We get clues when we read the lament song that David wrote. Firstly, Israel's enemies will rejoice at Saul's death. For all his problems, Saul was a great warrior and an effective military leader. Nations that wanted to defeat Israel in battle just got a good head start. David may know he was supposed to be king, but Saul's remaining sons might have the idea they're supposed to follow their father on the throne, which means internal unrest and turmoil -- maybe even civil war.
Saul's success on the battlefield brought wealth and plunder to Israel. In many ways, he was a good king, and his inability to obey God didn't seem to harm the rest of the people of the nation very much. So David grieves the loss of a great warrior and effective leader for his nation.
I wonder if David also doesn't lament the loss of what Saul could have been. Had he obeyed God he could have been established as the founder of a great dynasty. Even after his disobedience, he could have turned his life around, maybe resigned as king and stayed on as David's adviser.
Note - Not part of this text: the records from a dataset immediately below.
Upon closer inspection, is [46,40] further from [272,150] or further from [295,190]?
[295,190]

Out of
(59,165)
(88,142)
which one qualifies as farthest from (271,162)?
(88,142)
His experience and knowledge could have been useful to a man who'd never been a king before. Saul's advice could have made David a better king, which would have been better for the nation of Israel.
But his death means he won't have the chance to redeem himself or to ask God to forgive his disobedience.
You might come up with other reasons if you think about it, but I think you might find that most of them are similar to the ones I mention in at least one important respect: They're about something bigger than David himself. Yes, I believe that David understood Saul's death made much of his life easier. But he sees a bigger picture, and he realizes that whatever benefits Saul's death provides him, it provides more problems for the people as a whole.
Jesus asks us to see beyond ourselves when we follow him. He may call us to spend more time, energy and money on others that we would rather spend on ourselves. He may call us to consider what other people need when we only want to consider what we want. He himself saw beyond what his own desires might have been -- because whatever they were, it's a safe bet they didn't include "getting beaten up and nailed to a tree" -- in order to do something for others, and he asks us to do the same.
Sure, few of are likely to be called to that extreme level of sacrifice, but almost all of us are called to some. We are called to see, like David, that sometimes what looks good for us may not look good in the bigger picture and trust that God, who sees a bigger picture still, has in mind what is ultimately right and best for all.